PhD Thesis: Logos Verlag |

This dissertation addresses the possibilities of Spoken Language Understanding (SLU) in a call center scenario. It is widely agreed upon that human understanding involves complicated cognitive structures the machine replication of which is not tangible today. However, many practically important applications in the automated SLU don’t have to rely on computer cognition, while adopting the “behaviorist” approach to understanding instead. This approach states that understanding is present wherever the action the machine takes upon receiving an input message, is perceived as intuitively correct. This action can be formally encoded in terms of its semantic function (that determines a rough category of the action) and semantic attributes, parameters that this function takes to become well-defined. Thus, the goal of the understanding becomes to extract these elements from the input signals wherever possible. So, calltype COLLECT CALL is semantic function and named entity 12345 is its parameter in the utterance “I’d like to make a collect call to number 12345” taken from one call center scenario. In general, calltypes as semantic functions and named entities as semantic attributes are characteristic for many call center applications; in this work we show how spoken utterances can be handled with respect to these information types. We extract calltypes and consider three categories of named entity processing tasks: detection, localization and value extraction of named entities.

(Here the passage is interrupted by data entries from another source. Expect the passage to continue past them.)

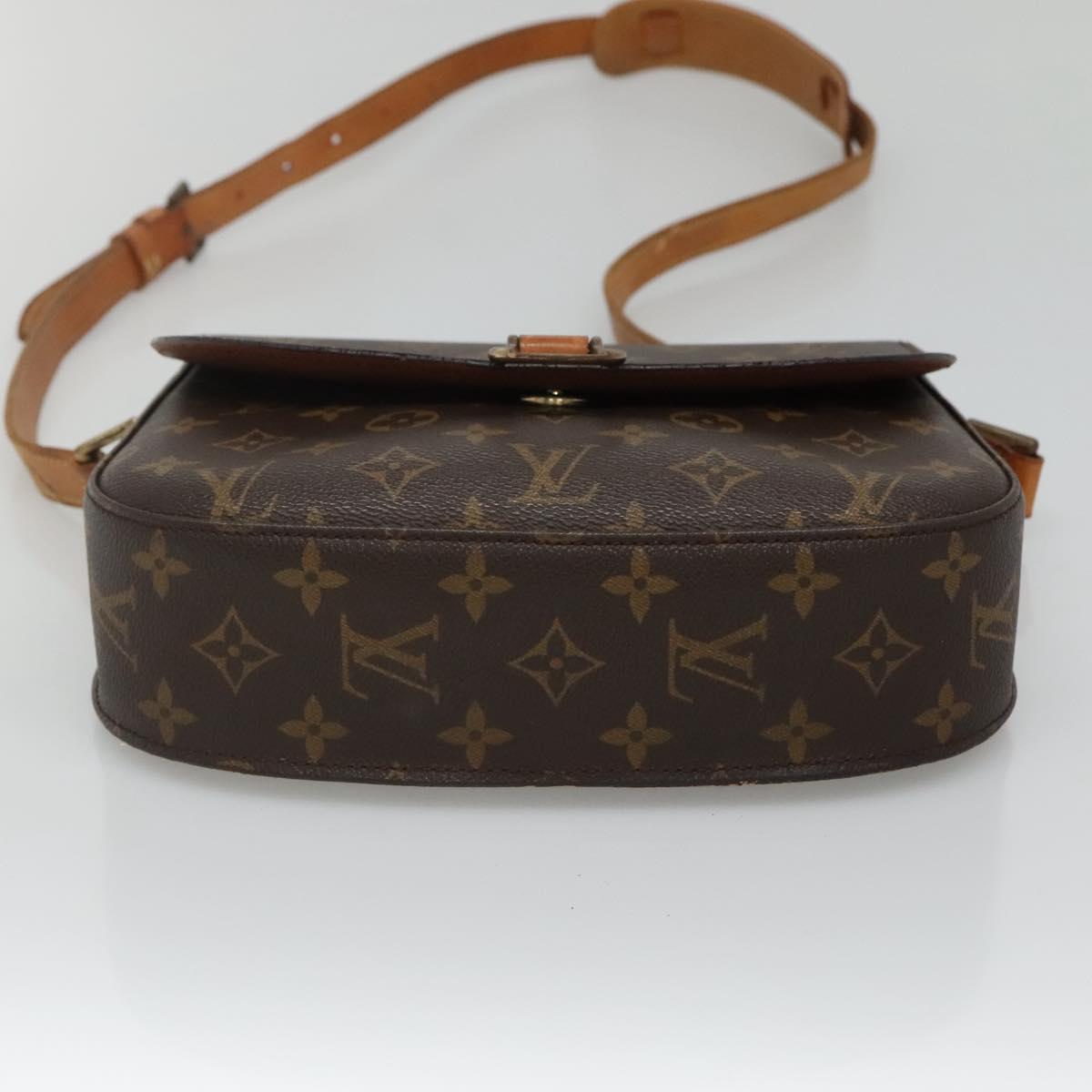 LOUIS VUITTON Monogram Monogram Saint Cloud GM Shoulder Bag M51242 Auth 133684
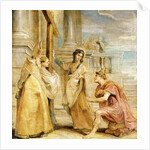 Constantine worshipping the True Cross by Peter Paul Rubens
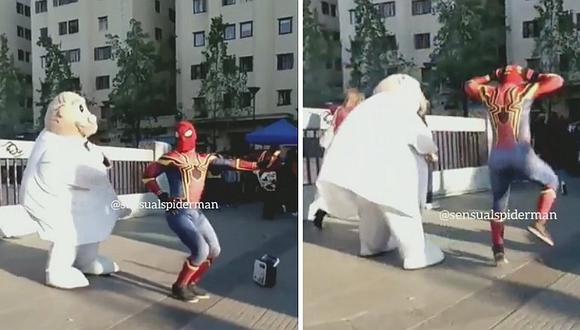 La divertida batalla de baile entre spiderman y Dr. Simi (VIDEO)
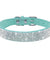 Adjustable Rhinestone Suede Soft Leather Pet Collar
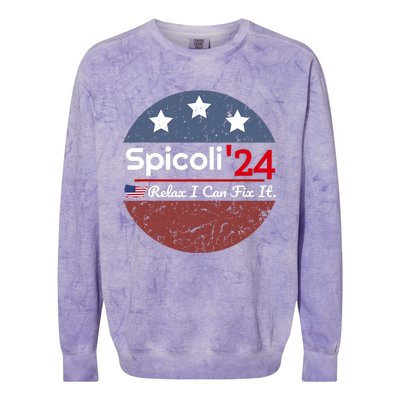 Spicoli 24 Relax I Can Fix It Colorblast Crewneck Sweatshirt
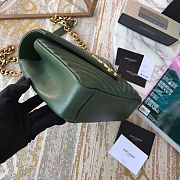 YSL Saint Laurent Dark Green 392737 Size 24 x 17 x 7 cm - 6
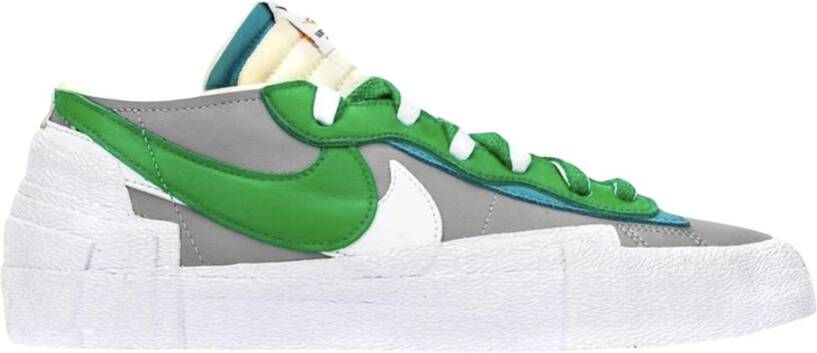 Nike Beperkte oplage Blazer Low Sacai Groen Multicolor Heren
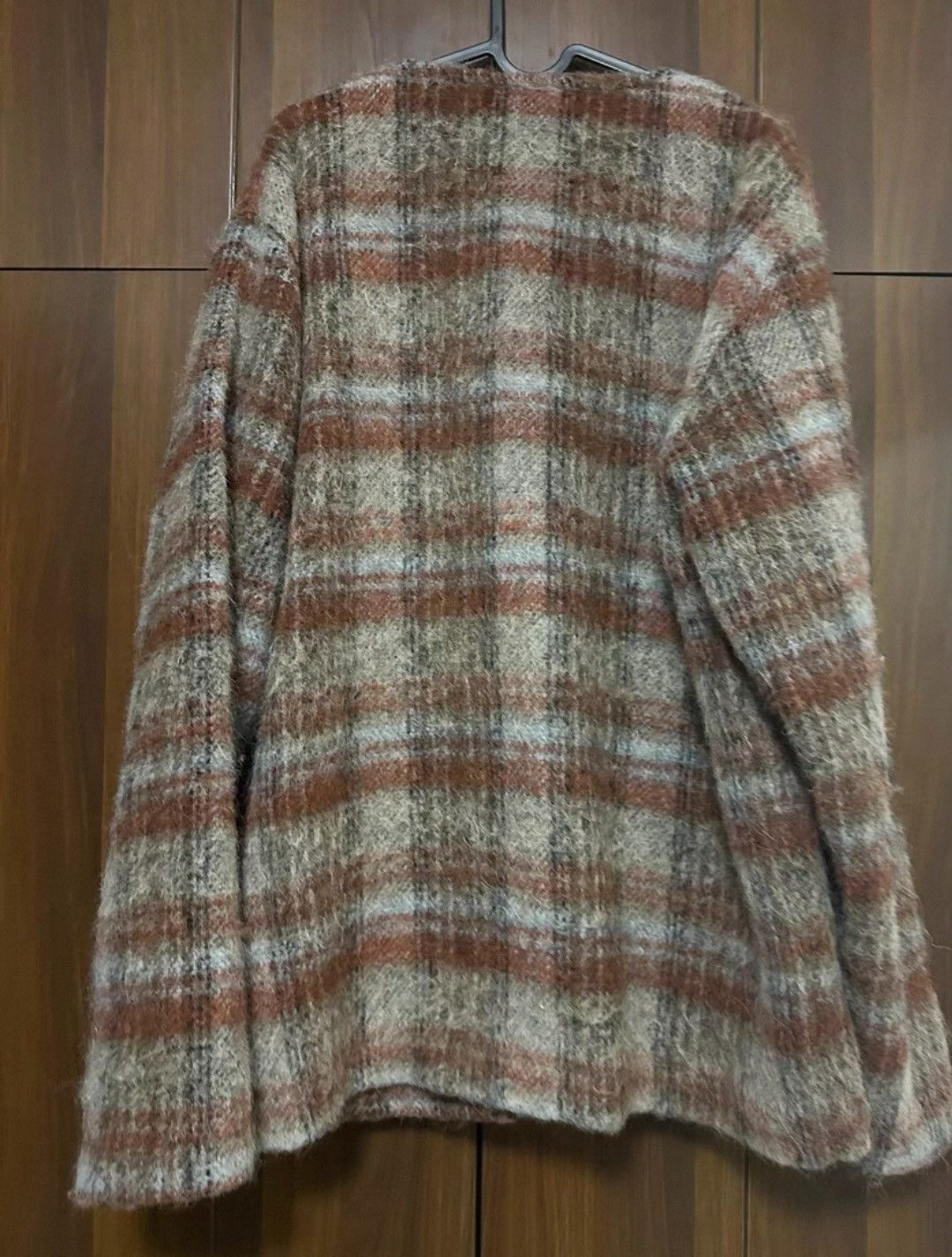 Our Legacy our legacyBrown plaid horsehair cardigan 2503-Nextarrow Size US M / EU 48-50 / 2 - 2 Thumbnail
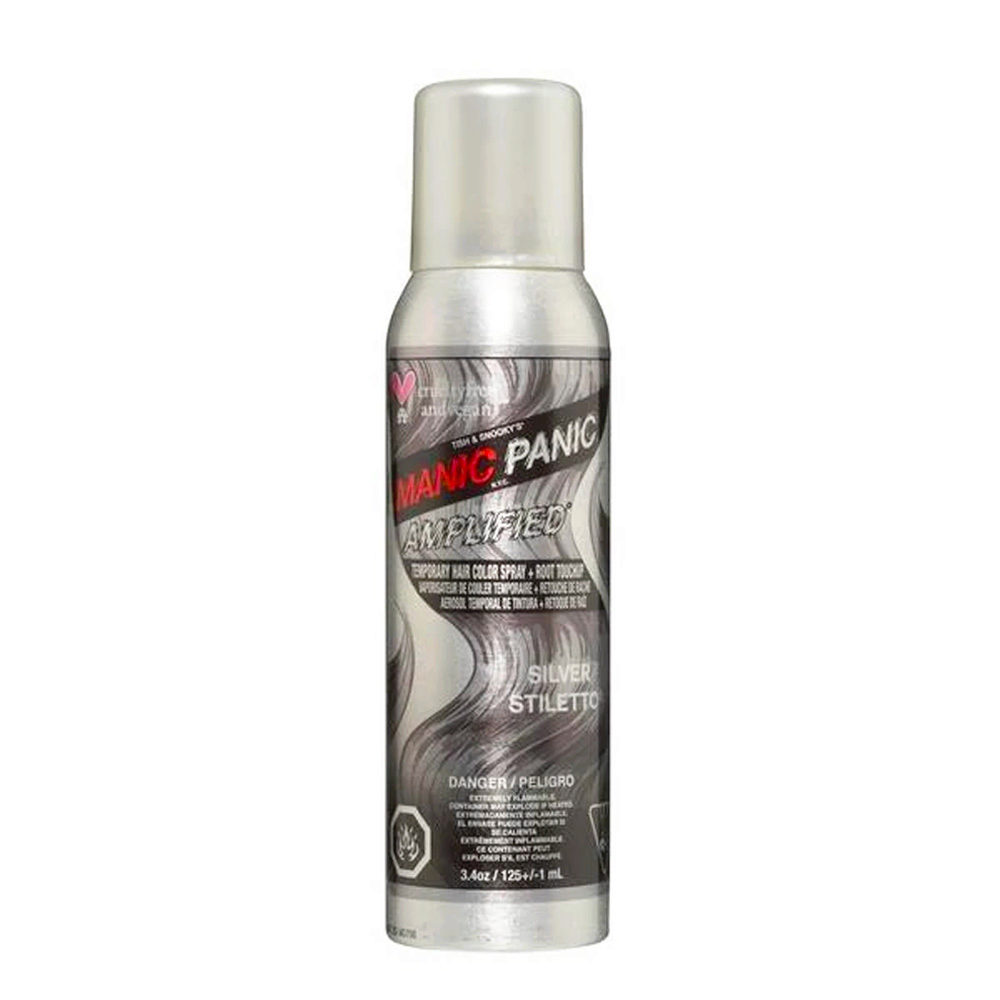 Manic Panic Amplified Spray-on Silver Stiletto 125ml - colore spray temporaneo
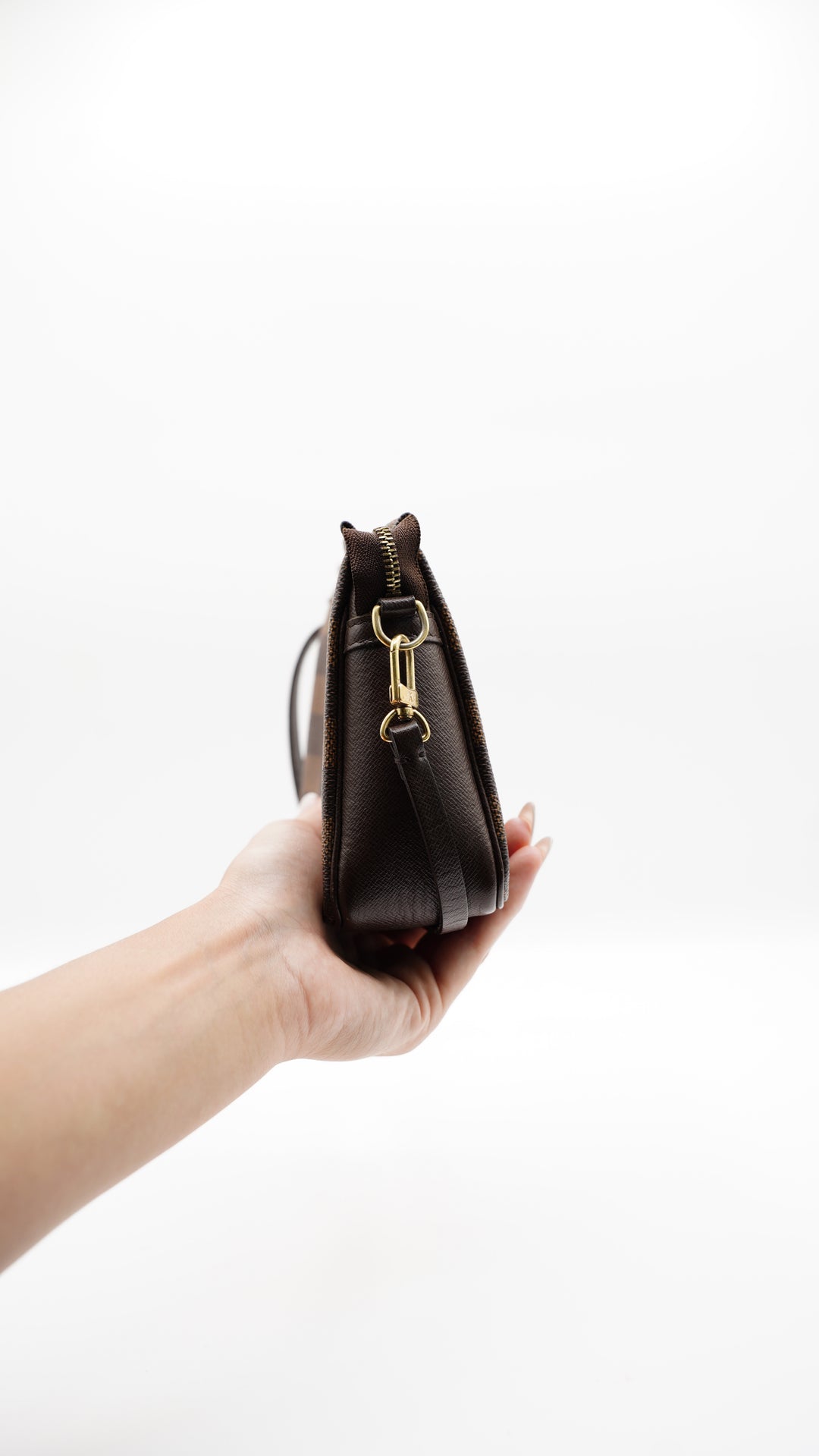 Louis Vuitton Damier Trousse Make-up Pouch Shoulder Bag #123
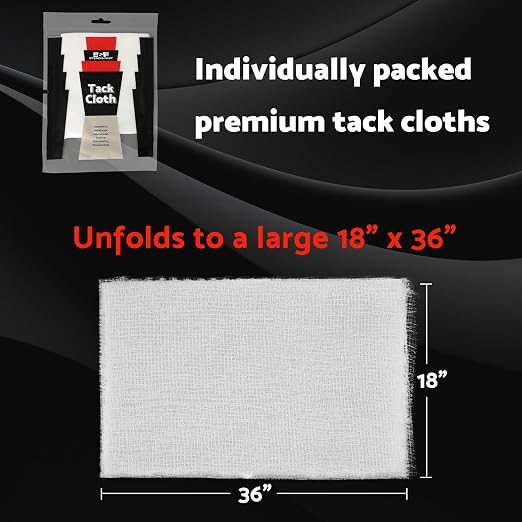 S&F STEAD & FAST Tack Cloth for Automotive Painting, 12-Pc Tack Cloths for - Image 4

One distinctiveness of our experiments consists in not relying on the availability of manually created word-level annotations for training corpora from the target domain. To retain acceptable word accuracy in the ASR-output, we suggest using the mechanism of unsupervised language model adaptation. Similarly, we avoid the need to manually annotate instances of named entities in the training data by using generic application-independent grammars for their modeling. For those hard cases where not even an off-the-shelf language model is available to bootstrap the speech recognizer, we show how our algorithms can be ported onto the phone level.

In the context of the last task, we also discuss the academic problem of word lexicon extraction from a continuous phone stream. We use special semantic and syntactic qualities of words, to infer phone subsequences that replicate them.

All experiments we report on in this thesis were conducted on the “How May I Help You?” speech corpus of over-the-phone interactions of AT&T customers with the company’s partly automated call center.